A true "tail fan complex" appears to be limited to Ornithuromorpha:
rectrices forming an aerodynamic tail fan, controlled by the
rectricial bulbs (bulbi rectricium). Basal ornithuromorphs seem to
have this complex, not just neornithines. By contrast, the tail of
confuciusornithids and enantiornithines doesn't appear to have had any
aerodynamic function at all. In these birds, the pygostyle appears to
have been used to support specialized display feathers, but not an
aerodynamic tail fan. The only possible exception is _Chiappeavis_, a
pengornithid enantiornithine, which might have some form of
aerodynamic tail fan, but not an ornithuromorph-style tail complex.

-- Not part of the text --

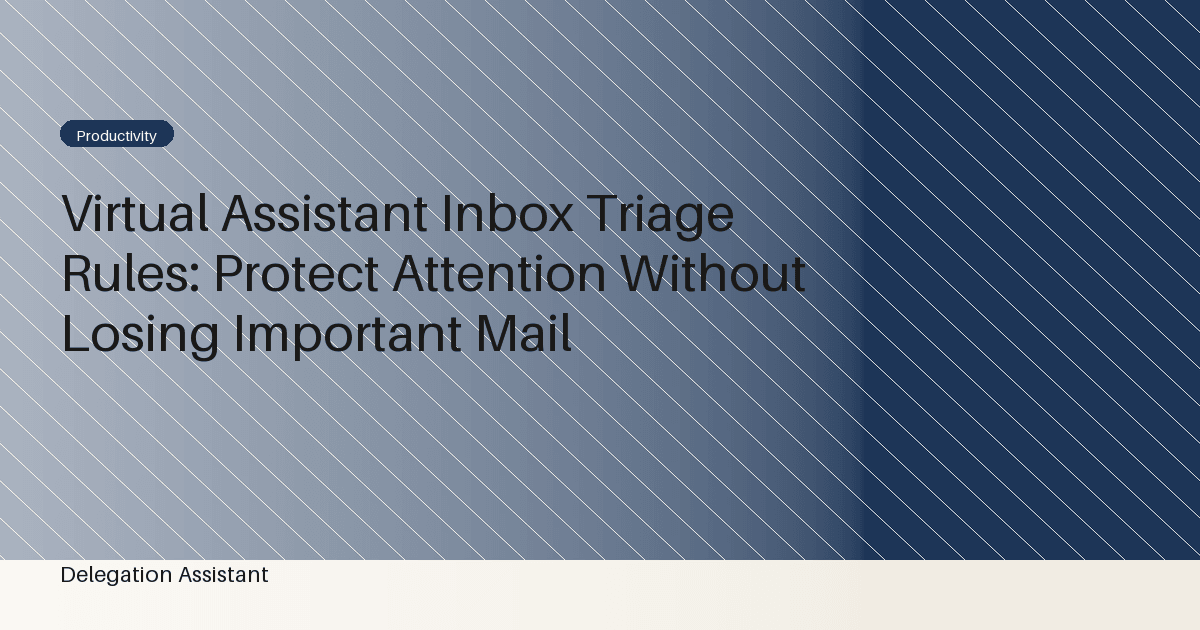virtual assistant inbox triage rules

(The "tail fan" of the longipterygid enantiornithine _Shanweiniao_ has
since been re-interpreted as a more typical enantiornithine-style
rachis-dominated arranegement of feathers; O'Connor et al., 2016.)
I like Wang & O'Connor' tentative hypothesis that the laterally
expanded processes of the pygostyle in confuciusornithids and
enantiornithines suggests the presence of enlarged caudal levator
muscle for raising their ornamental tail feathers (as in modern
phasianids). Time will tell if this interpretation holds up.

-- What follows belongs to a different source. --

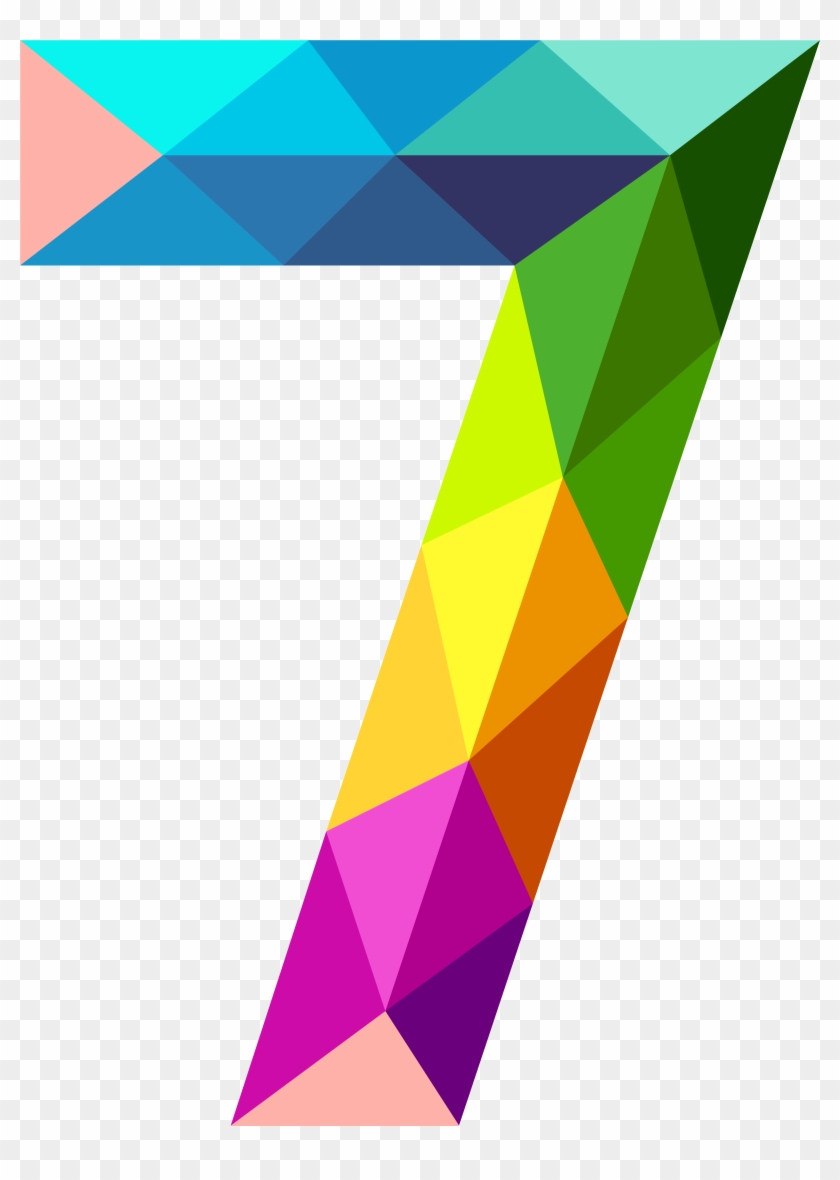 Colourful Triangles Number Seven Png Clipart Image - Number 7 Clipart #498390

In general, the presence of a pygostyle (or pygostyle-like structure)
in a fossil theropod says nothing about what kind of tail plumage it
might have had. However, the precise morphology of the pygostyle (or
pygostyle-like structure) provides clues regarding its function
(display, flight, both, something else).
I'm drawn to the hypothesis of Gatesy (2001) that
coossification/fusion of the distalmost caudals into a pygostyle was
originally a byproduct of tail reduction, and that it was co-opted
much later for an aerodynamic function as part of the derived tail fan
complex (i.e., rectricial bulbs and a true aerodynamic tail fan).
Under this scenario, the pygostyle of birds would have begun as a
spandrel, rather than an adaptation in its own right.

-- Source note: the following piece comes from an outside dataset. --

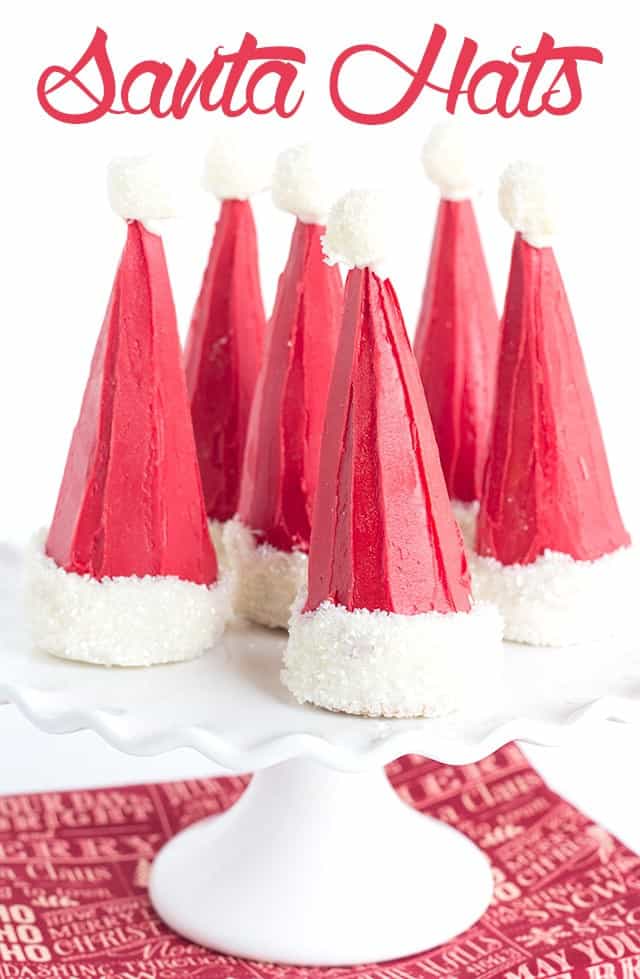 Santa Hats - a fun pinata treat for kids! Stuff some waffle cones with festive m&m's and let the magic happen.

Gatesy SM (2001) The evolutionary history of the theropod caudal
locomotor module. In: New Perspectives on the Origin and Early
Evolution of Birds: Proceedings of the International Symposium in
Honor of John H. Ostrom (eds Gauthier J, Gall LF) pp. 237-254. New
Haven, CT: Peabody Museum (Natural History).
Gianechini FA et al. (2017) The cranial osteology of _Buitreraptor
gonzalezorum_ Makovicky, ApesteguÍa, and AgnolÍn, 2005 (Theropoda,
Dromaeosauridae), from the Late Cretaceous of Patagonia, Argentina. J.
Vert. Paleontol e1255639
O’Connor JK et al.(2016). An Enantiornithine with a fan-shaped tail,
and the evolution of the rectricial complex in early birds. Curr.
Biol. 26: 1-6.
Persons WS et al. (2014). Oviraptorosaur tail forms and functions.
Acta Palaeontologica Polonica 59: 553-567.